Posted by tecwrg on 5/24/2012 10:27:00 AM (view original):
The seeds of the housing mess was planted during the Clinton Administration, when the regulations were relaxed and banks and mortgage companies were encouraged to make loans to potential home buyers that could go way beyond their means to payback.
Now you can blame the democrats for making that happen. You can blame the republicans for allowing it to happen. But a fair share, if not the majority of the blame, has to go to the American public for taking out loans that went well beyond their means to repay.
Case in point: my wife and I were shopping for our first house in 1996. We both had full-time professional jobs at the time and were doing OK financially. We determined how much we were reasonably willing to pay for a house, how much we would put down, and how much we would mortgage. We determined that anything beyond those amounts would stretch us beyond our means. It would be too high-risk for us, and would frankly be very financially irresponsible of us to buy beyond those numbers.

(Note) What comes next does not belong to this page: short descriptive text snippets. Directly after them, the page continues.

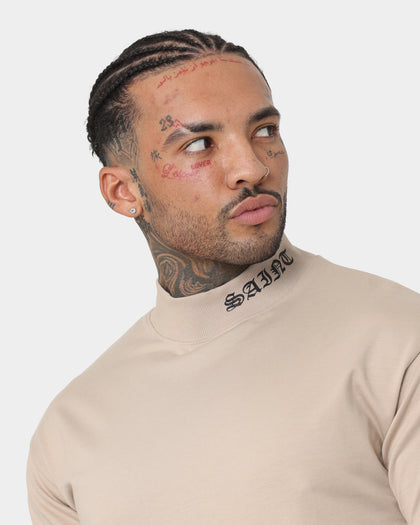 Saint Morta Old English Mock Neck T-Shirt Stone/Black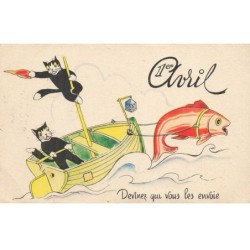 CHATS -MK40171 1ER AVRIL CHATS SUR UN BATEAU TIRE PAR UN POISSON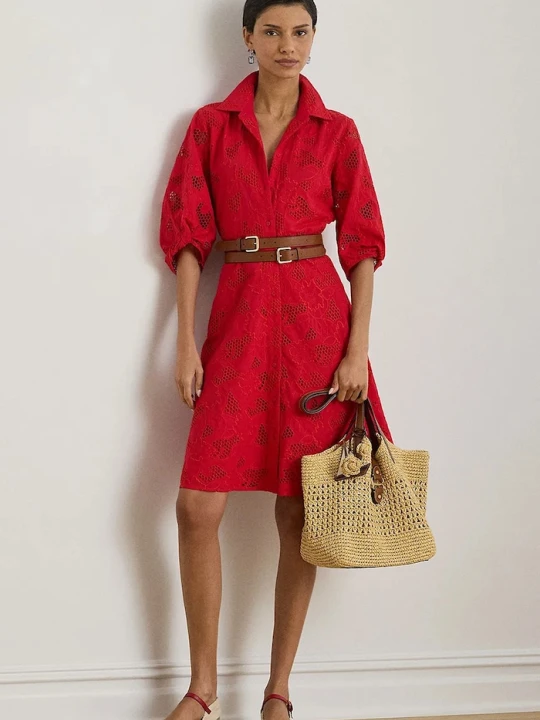 Zdjęcie produktu Lauren Ralph Lauren sukienka koszulowa bawełniana czerwony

When we went to the mortgage company that we chose to use to start the process, they came back and told us that we were pre-approved for a loan amount that was around $250k beyond our own numbers.
Had we been stupid and said "woo-hoo" and bought a house beyond what we determined as financially reasonable for us, we would have eventually been foreclosed on, because despite what the banks were telling us, we could not afford it.
Unfortunately, for a lot of people, they took the loans, spent well beyond their means, and lost out in the end.
As far as I'm concerned, many of the folks who got screwed during the mortgage industry collapse had nobody to blame but themselves.